Kebijakan tersebut menimbulkan kegelisahan dan perdebatan antar profesor.

Rep: Gumanti Awaliyah/ Red: Winda Destiana Putri
Profesor mengajar/ilustrasi
Foto: Pixabay
Profesor mengajar/ilustrasi

REPUBLIKA.CO.ID, JAKARTA -- Rektor Universitas Gadjah Mada (UGM) Prof. Panut Mulyono menganggap, rencana pemangkasan tunjangan kehormatan bagi profesor yang tidak produktif menulis jurnal internasional adalah pemacu untuk terus maju. Meskipun menurut dia, kebijakan tersebut menimbulkan kegelisahan dan perdebatan antar profesor di perguruan tinggi.

"Kalau saya ambil positif saja.
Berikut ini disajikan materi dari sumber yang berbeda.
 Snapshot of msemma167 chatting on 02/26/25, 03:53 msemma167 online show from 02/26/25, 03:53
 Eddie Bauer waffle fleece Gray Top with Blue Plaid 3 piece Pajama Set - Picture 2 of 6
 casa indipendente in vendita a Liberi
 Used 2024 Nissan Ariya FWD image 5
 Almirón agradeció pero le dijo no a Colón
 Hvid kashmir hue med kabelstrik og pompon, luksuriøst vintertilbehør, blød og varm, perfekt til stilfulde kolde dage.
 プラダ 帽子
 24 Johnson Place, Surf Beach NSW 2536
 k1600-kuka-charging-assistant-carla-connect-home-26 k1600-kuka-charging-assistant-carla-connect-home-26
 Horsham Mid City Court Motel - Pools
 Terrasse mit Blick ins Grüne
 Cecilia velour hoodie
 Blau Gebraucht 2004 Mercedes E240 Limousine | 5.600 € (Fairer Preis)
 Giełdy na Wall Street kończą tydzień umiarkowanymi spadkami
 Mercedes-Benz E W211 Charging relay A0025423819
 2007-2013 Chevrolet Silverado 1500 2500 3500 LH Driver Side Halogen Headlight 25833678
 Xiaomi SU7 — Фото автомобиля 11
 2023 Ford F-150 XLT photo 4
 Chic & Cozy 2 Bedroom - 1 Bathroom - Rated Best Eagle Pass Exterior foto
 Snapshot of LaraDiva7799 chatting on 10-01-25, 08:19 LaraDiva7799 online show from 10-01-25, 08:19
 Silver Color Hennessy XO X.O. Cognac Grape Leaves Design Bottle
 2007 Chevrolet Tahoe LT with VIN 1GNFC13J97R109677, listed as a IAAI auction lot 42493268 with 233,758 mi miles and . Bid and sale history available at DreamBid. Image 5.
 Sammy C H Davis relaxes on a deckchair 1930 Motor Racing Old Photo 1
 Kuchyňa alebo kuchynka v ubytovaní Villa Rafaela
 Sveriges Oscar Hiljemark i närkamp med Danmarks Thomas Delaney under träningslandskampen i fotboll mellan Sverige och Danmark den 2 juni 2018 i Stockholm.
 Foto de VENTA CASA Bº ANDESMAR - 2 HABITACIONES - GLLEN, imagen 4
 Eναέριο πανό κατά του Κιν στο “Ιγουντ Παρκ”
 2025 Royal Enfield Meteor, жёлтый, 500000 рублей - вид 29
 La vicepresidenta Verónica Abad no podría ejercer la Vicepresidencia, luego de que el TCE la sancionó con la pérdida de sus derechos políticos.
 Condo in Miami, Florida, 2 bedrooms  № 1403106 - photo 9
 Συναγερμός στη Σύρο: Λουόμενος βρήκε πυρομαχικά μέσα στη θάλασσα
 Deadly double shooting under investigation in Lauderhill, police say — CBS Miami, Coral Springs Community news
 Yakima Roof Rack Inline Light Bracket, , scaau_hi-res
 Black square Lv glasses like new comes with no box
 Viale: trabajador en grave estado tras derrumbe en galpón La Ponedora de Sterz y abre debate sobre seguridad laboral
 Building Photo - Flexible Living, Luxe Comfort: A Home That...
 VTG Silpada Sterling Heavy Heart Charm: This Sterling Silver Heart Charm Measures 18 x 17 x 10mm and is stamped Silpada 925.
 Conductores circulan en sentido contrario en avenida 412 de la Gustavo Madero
Karena profesor itu memang tugasnya seperti demikian, ini toh tidak serta merta (sebelumnya sudah ada sosialisasi)," kata Prof Manut di Bali Room Hotel Indonesia Kempinski, Selasa (27/2).

Saat ini di UGM, kata dia, pihaknya tengah mengevaluasi profesor-profesor mana saja yang telah memenuhi syarat sesuai dengan Permenristekdikti 20/2017 tentang Pemberian Tunjangan Profesi Dosen, dan Tunjangan Kehormatan Profesor. Sebab, menurut Panut, saat ini ada puluhan profesor UGM yang juga kurang menulis jurnal internasional.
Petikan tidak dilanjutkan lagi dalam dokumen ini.